Two for the sides; One for the Top; One for the bottom.
Back is optional; however, I didn't bother as I wanted space for the plumbing.
Also, air circulation.

Place the two corner braces on each side of the top piece and brace the side peices. 
When done; just slide the three peices over the top of the metal stand.

I have carpet, So I added a bottom peice to the stand to help level and shim the sides. Makes it easier. 
So just place the entire stand on the one peice on the bottom.

Take the magnetic strip and stick it to the metal stand legs with the adhesive side facing you.
Take the front peice and apply pressure to the stand. 
This will help hold the front cover on the stand and easily removed for maintenance. 


Then you are compelte. 
I did this for a 20 G Long metal stand. 
I still have the measurements if anyone needs it. 
However, it is recommended that you measure your own stand as they may be different due to differences in design.

If pictures are needed; let me know. 

I'll try to upload some to help with the directions.


----------



## garryism (Nov 2, 2010)

thanks for sharing! definitely looking forward to the pictures so i can get a better understanding of how you made it.


----------



## Jesurex (Oct 6, 2011)

did you use a miter saw and/or table saw to cut to size?


----------



## OneLastDecree (Nov 13, 2012)

Well; the following link has the pcitures of how the stand looks when compelte.

http://gtaaquaria.com/forum/showthread.php?t=48933

I did not even cut anything; as Home Depot cut all peices I needed for me at time of purchase.

Which is also free.

I just gave the representative my measurements and we just cut the sheet.


----------



## Jesurex (Oct 6, 2011)

OneLastDecree said:


> the pcitures


the pictures, they do nothing


----------



## OneLastDecree (Nov 13, 2012)

Well. I'm not entirely sure what to take the picture of. 
Like which part of the stand that needs to be clarified. 

However, if you do want a picture of a certain part of the stand. 
Let me know.


----------



## SKurj (Oct 26, 2011)

Thinking of doing something similar. I plan on making sides and a front a 6ftx2ft metal stand. Did you actually apply the veneer? what exactly was it? The finish on yours is great, much better than the painted plywood look mine may have ended up with. I am thinking of using Velcro for attaching the front cover, though likely will have to do 2 pieces at 3ft long instead of one 6ft, just for ease of maintenance.

I will have 2 big canisters a 2262 and an Fx6 inside the stand as well so I am thinking of looking for some sound damping foam and gluing it to the inside of all the covers as well.


----------



## OneLastDecree (Nov 13, 2012)

It's great to see that others are interested in this idea. 
I highly recommend this as it gives a professional appeal to the viewer. 
I've had friends come over and just watch my tanks for hours. 
Pretty neat. 

Regardless, the veneer was applied directly by me. 
You can buy rolls of it at Home Depot or any DIY store. 
I got mine at Home Depot as their colors of veneer matched my wood. 
Very simple; you just apply it on with a hot iron.
Make sure you are in a well ventilated area as the glue is strong and may be overwhelming. 

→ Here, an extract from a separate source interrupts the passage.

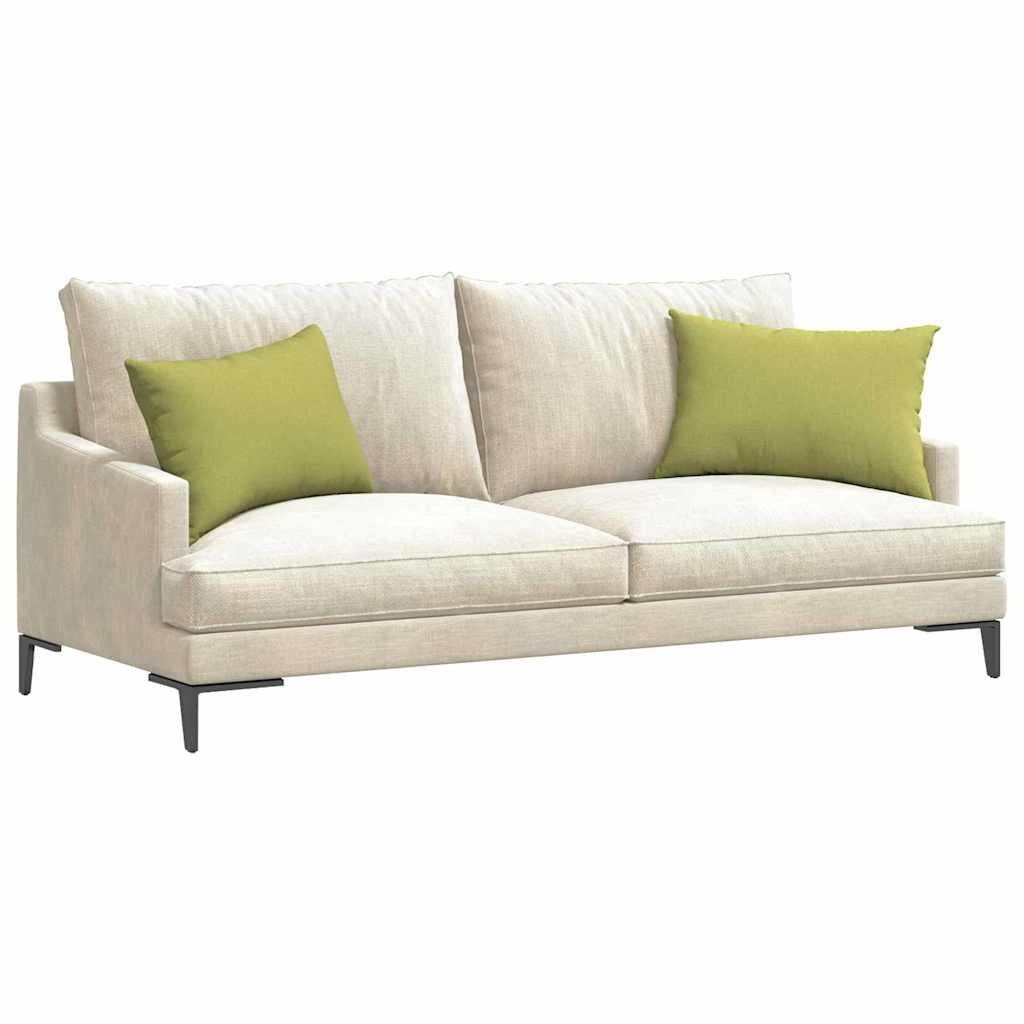 VidaXL Sofa Kussens 2 pcs Lichtgroen 60 x 40 cm Stof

I used two magnetic strips. 
It came with a pre-applied serum of adhesive and I just attached it to the front cover inside and lined it up so it would stick to the metal beams of the metal stand. 
So; two strips on the sides is all it takes. 
Then it holds the front cover in place. 

I was thinking about velcro but decided not to do so.
Mainly because velcro seems to create a stronger bond and may be difficult to take the cover off without disturbing the main tank.
The velcro would also send vibrations throughout the stand and tank causing the livestock to be disturbed. 
I mean, it's all personal preference. 

Both ideas would work. 
I just love the magnet strip because it basically makes no noise when applying and removing the front cover and will always have a bond without replacing.


----------



## OneLastDecree (Nov 13, 2012)

Sound dampening is not really an issue with the back open.
Well for me, that is. 
I only have a water pump in my sump in the bottom.
The pump is super quiet. 
Sometimes, I need to look at the surface of the main tank to see if its working properly. 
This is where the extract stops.